Ook een aantal andere factoren speelt een rol:
-
fysieke: anatomie van de mond en keel, de ademhaling, het autonome centrale zenuwcentrum, de hartfunctie en de maag-darmfuncties;
-
psychische factoren: karakter van het kind en het vermogen emoties te reguleren;
-
sociale factoren: zijn te vinden in de interactie met de verzorgers/ouders.
Peuter- en kleuterleeftijd
Als op de peuterleeftijd problemen met betrekking tot eten ontstaan en een somatische oorzaak kan worden uitgesloten, zijn eetproblemen in het algemeen pedagogisch van aard en dienen deze ook als zodanig behandeld te worden.
In de ontwikkelingsfase daarna treffen we de koppig weigerende kleuter, die door zijn gedrag zijn ouders tot wanhoop drijft.
De voedingsstoornissen die het vroegst zichtbaar worden zijn pica en de ruminatiestoornis. Deze kunnen tot in de volwassenheid voortduren.
-
Pica is een relatief zeldzame stoornis, waarbij gedurende ten minste één maand niet-eetbare dingen genuttigd worden, niet passend bij de ontwikkelingsleeftijd of de cultuur. De stoornis komt vaak voor in combinatie met mentale retardatie of een autismespectrumstoornis, maar kan in zeldzame gevallen ook voorkomen bij schizofrenie of bij zwangerschap. De stoornis kan aan het licht komen door medische complicaties die er het gevolg van zijn, zoals darmobstructies, darmperforaties of darminfecties. Armoede, verwaarlozing en gebrek aan (ouderlijk) toezicht vergroten de kans op het ontstaan. Wanneer het gestoorde eetgedrag voorkomt in combinatie met een andere psychiatrische stoornis, kwalificeert pica zich voor classificatie als aparte stoornis indien het zodanig ernstig is dat hiervoor behandeling nodig is.
-
Kenmerkend voor de ruminatiestoornis is het herhaaldelijk regurgiteren en herkauwen van voedsel, gedurende minimaal één maand. Kinderen met een ruminatiestoornis kunnen achterblijvende groei laten zien, terwijl ze een normaal eetpatroon hebben; bij adolescenten en volwassenen wordt dit niet gezien. Psychosociale problemen, zoals verwaarlozing en onderstimulatie, stressvolle situaties en problemen in de ouder-kindrelatie, maar ook mentale retardatie kunnen de stoornis uitlokken.
Basisschool
Als bij basisschoolleerlingen eetproblemen worden vastgesteld, gaat het dikwijls om te selectief eten, waarbij enerzijds het karakter en het temperament van het kind een rol spelen, anderzijds de interacties met de omgeving. Een stoornis die nieuw is in de DSM-5, maar die feitelijk al veel langer gediagnosticeerd werd, is de vermijdende/restrictieve voedselinnamestoornis (avoidant/restrictive food intake disorder, ARFID).
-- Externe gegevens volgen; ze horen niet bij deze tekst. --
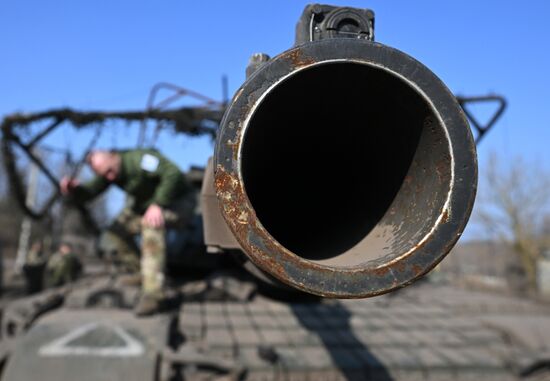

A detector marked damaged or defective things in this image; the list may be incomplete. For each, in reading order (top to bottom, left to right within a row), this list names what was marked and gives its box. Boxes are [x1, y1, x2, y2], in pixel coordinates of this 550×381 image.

rusty metal [215, 37, 478, 296]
Het belangrijkste kenmerk van ARFID is dat er een voedings- of eetstoornis bestaat die ertoe leidt dat de betrokkene te weinig binnenkrijgt, zoals blijkt uit gewichtsverlies of uit onvoldoende gewichtstoename tijdens de groei bij kinderen, een voedingsdeficiëntie, afhankelijkheid van enterale voeding of aanvullende voedingssupplementen en een verstoring van het psychosociaal functioneren. De stoornis treedt niet uitsluitend op ten tijde van AN of BN en leidt niet tot een verstoord lichaamsbeeld. Zo kan een negatieve conditionering zijn opgetreden na een medische ingreep, bijvoorbeeld een oesofagoscopie, of na een stikervaring of hevig braken.
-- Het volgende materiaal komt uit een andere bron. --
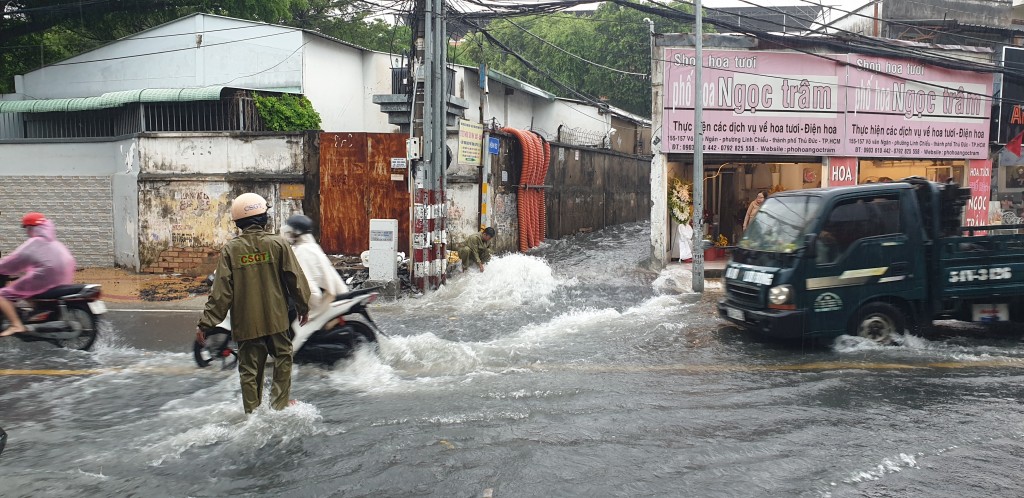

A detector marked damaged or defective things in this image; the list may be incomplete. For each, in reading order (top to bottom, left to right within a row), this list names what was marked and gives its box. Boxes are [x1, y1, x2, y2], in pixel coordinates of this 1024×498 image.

rusty metal gate [323, 132, 411, 257]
In de bovenbouw van de basisschool ontstaat voor het eerst anorexia nervosa (AN). Bij latentiekinderen uit zich dit anders dan bij pubers. Latentiekinderen kunnen nog niet goed reflecteren: denken en doen lopen in elkaar over. Gecombineerd met het feit dat kinderen tussen 10 en 12 jaar de naar verhouding laagste BMI (body mass index; gewicht gedeeld door de lengte in het kwadraat) en het laagste vetpercentage hebben, zorgt dit ervoor dat zij als ze gaan minderen met eten, snel in de somatische gevarenzone belanden. Dikwijls zijn ze daarom al in het ziekenhuis bij de kinderarts opgenomen voor ze verwezen kunnen worden.
Puberteit
Anorexia nervosa (AN) ontstaat het vaakst in de puberteit en komt in de levensloop voor bij 1,7 % van de adolescenten. De klinische impressie is dat het aandeel zeer jonge patiënten (10 tot 14 jaar) lijkt toe te nemen.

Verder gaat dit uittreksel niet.